¾     pound beets (about 3 to 4 small), scrubbed
2      large garlic cloves, peeled
½     cup raw walnuts
1      tablespoon fresh lemon juice
½     teaspoon kosher salt
¼     teaspoon freshly ground black pepper
⅓   to ½ cup extra virgin olive oil
        fresh dill leaves for garnish, optional

Nutritional information

Nutritional information per ¼ cup serving (using ½ cup olive oil):Calories 189 (86% from fat) • carb. 5g • pro. 2g • fat 19g • sat.

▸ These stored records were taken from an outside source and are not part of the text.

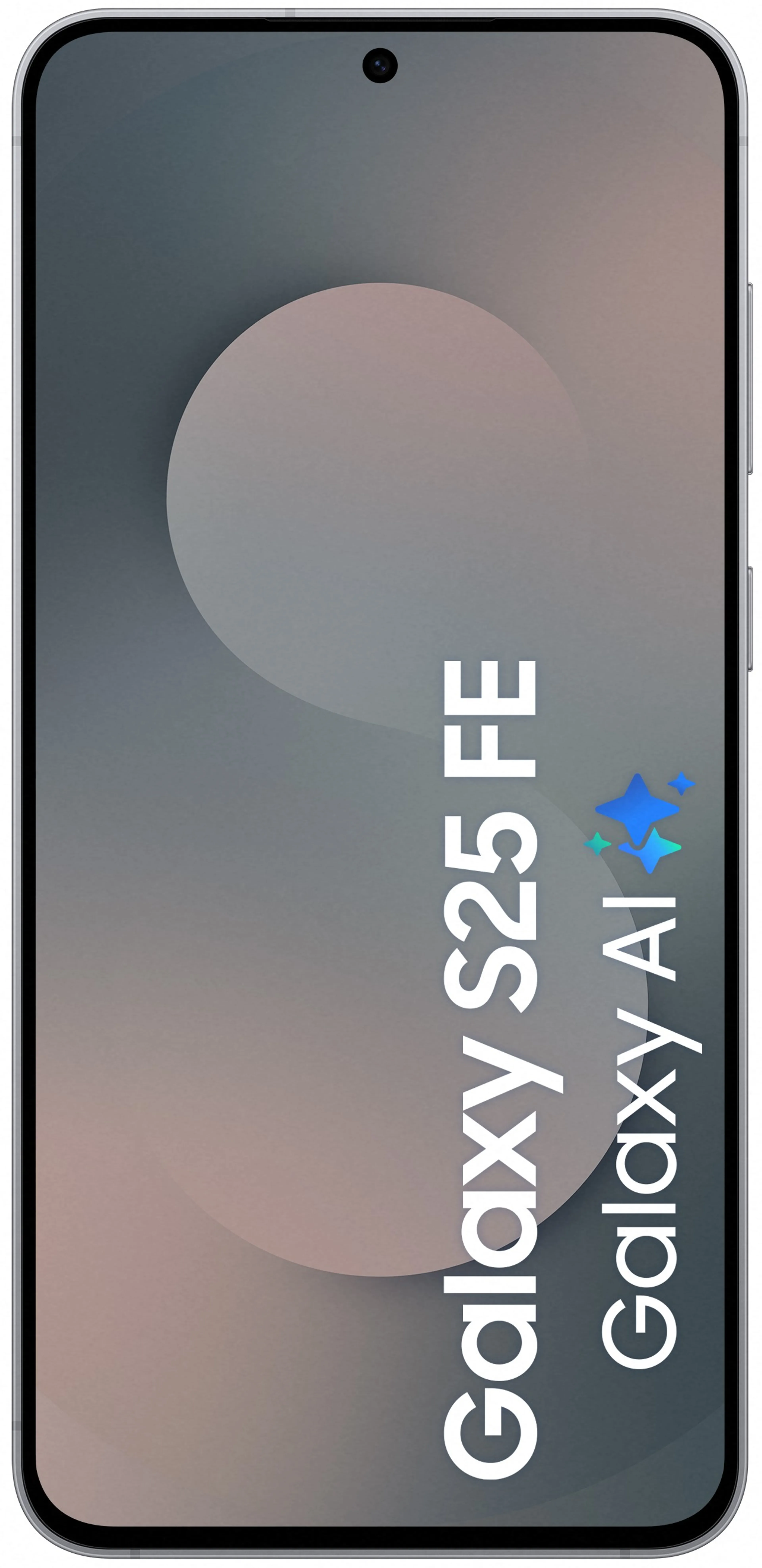 Samsung Smartphone Galaxy S25 FE - 256GB - Black image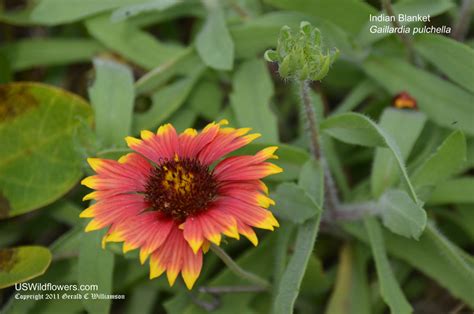 Red And Orange Texas Wildflowers | Best Flower Site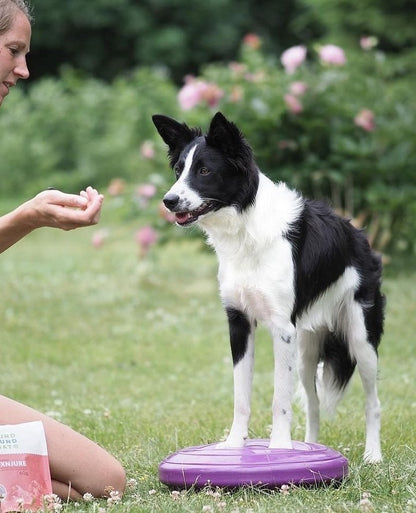 Kutyus Sund Hundmat lámahús jutalomfalatot kap edzés közben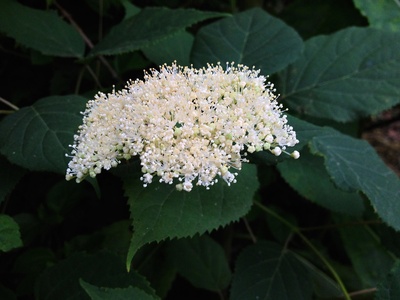 Hydrangea (smooth)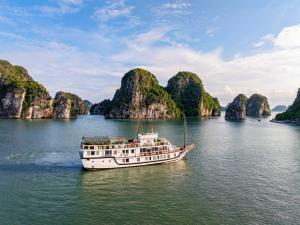 renea cruises halong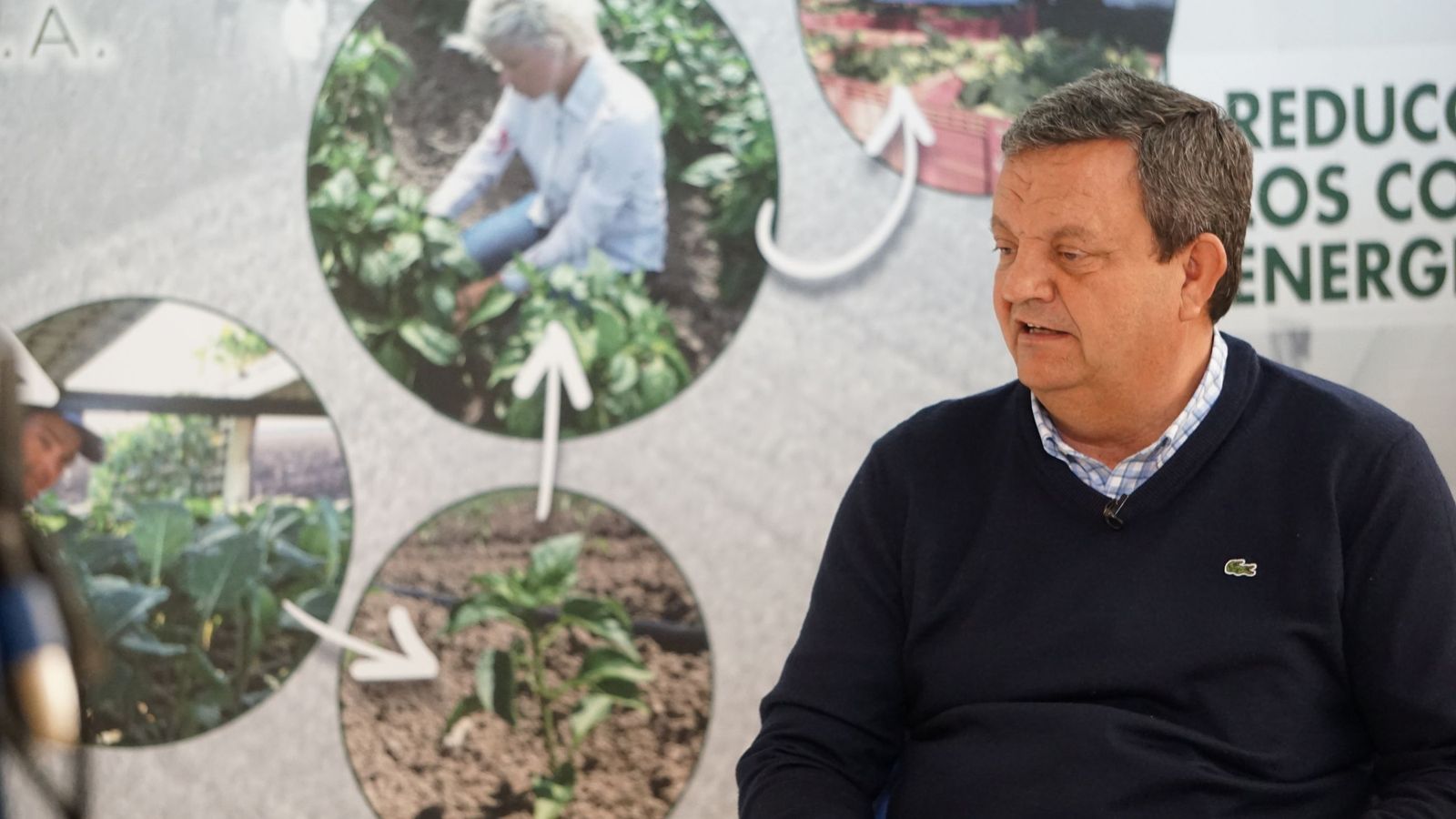 José Tejero, presidente de la cooperativa Las Marismas de Lebrija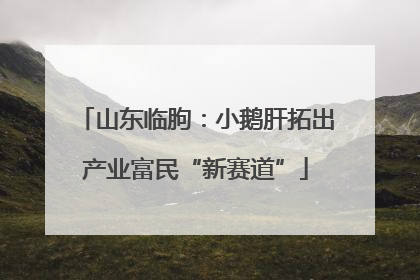 山东临朐：小鹅肝拓出产业富民“新赛道”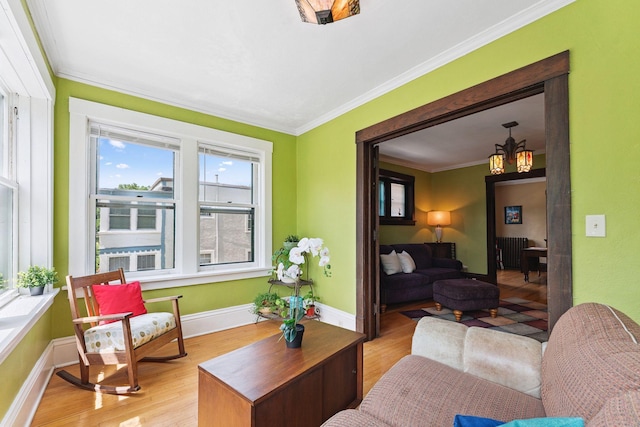 1725 Hague Ave Unit 4, Saint Paul, MN 55104 - living area with plenty of natural light, ornamental molding, light wood finished floors, and radiator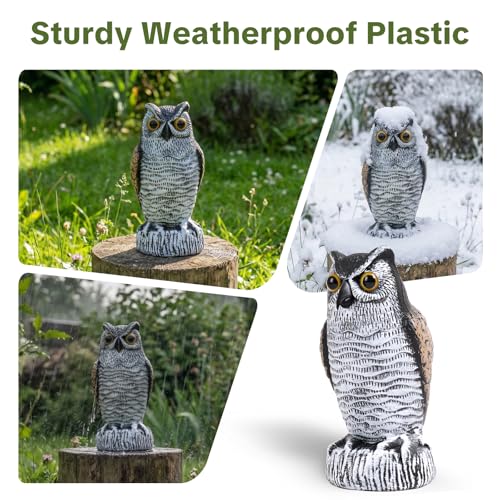 OFFO 2 Pack Realistic Owl Statue, Hand-Painted Garden Owl Decor, 8 Inch - size: 8 in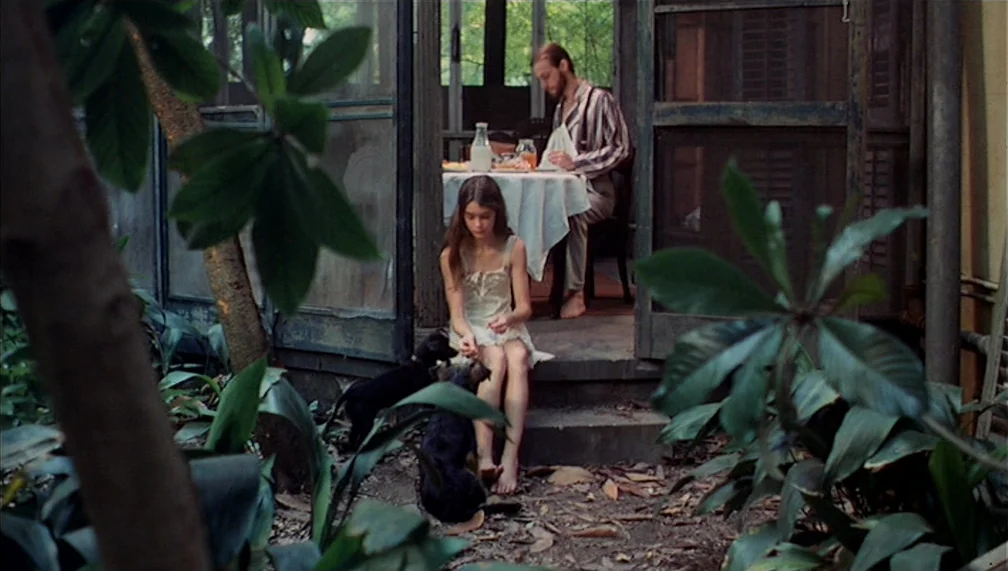 Pretty Baby (1978) movie still: fullbody — A screened porch with a man at a table and a young woman outside. She sits on the wooden steps feeding…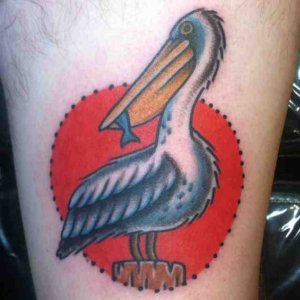 For incredible results why not try traditional pelican tattoo 5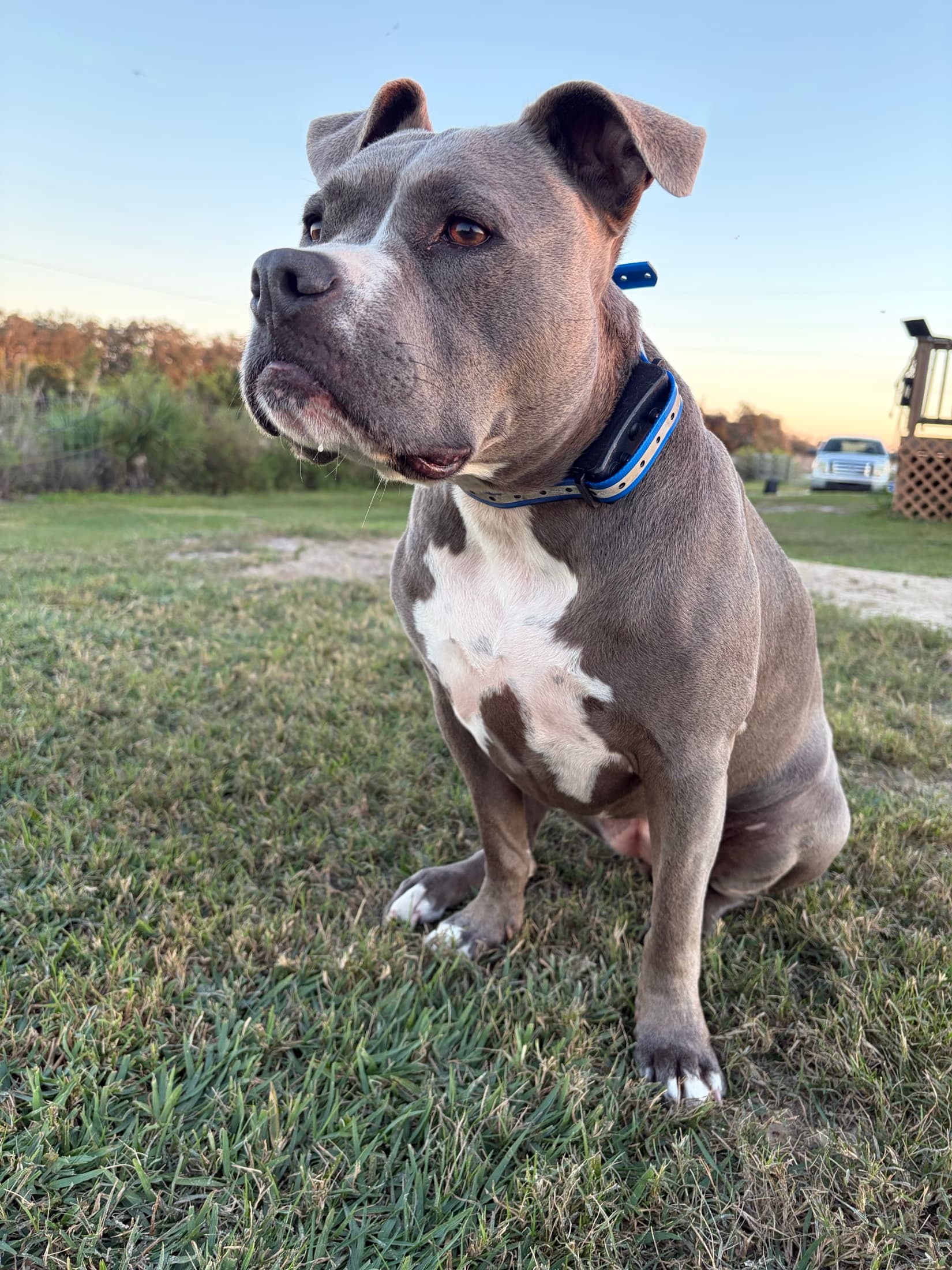 Gracie, the American Staffordshire Terrier who inspired Viking Prairie K9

1. Preheat the oven to 350°F. Individually wrap beets in foil and roast on a sheet
pan for 55 to 60 minutes, or until tender enough to be easily pierced with the tip
of a sharp knife. Transfer beets to a dish and let cool in foil. Meanwhile, place the
walnuts on the sheet pan and toast in the preheated oven for 8 to 10 minutes,
until just fragrant. When beets are just cool enough to handle, gently rub off
skins under cool, running water. Quarter beets and reserve.
2. Put the garlic cloves in the work bowl. Run on Chop continuously to finely chop,
about 5 seconds. Add the walnuts and pulse on Chop to start processing,
about 10 to 12 pulses. Add the quartered beets, lemon juice, salt, and pepper,
and run on Chop continuously, until finely chopped and incorporated, about 15
to 20 seconds.
3. Scrape down the bowl. With the machine running, add the olive oil in a steady
stream and process until the mixture forms a coarse purée. (NOTE: Use ½ cup
of olive oil for a slightly smoother and thinner purée.)
4. Taste and adjust seasoning with more salt and/or lemon juice, if needed. To serve,
garnish with fresh dill leaves, if desired.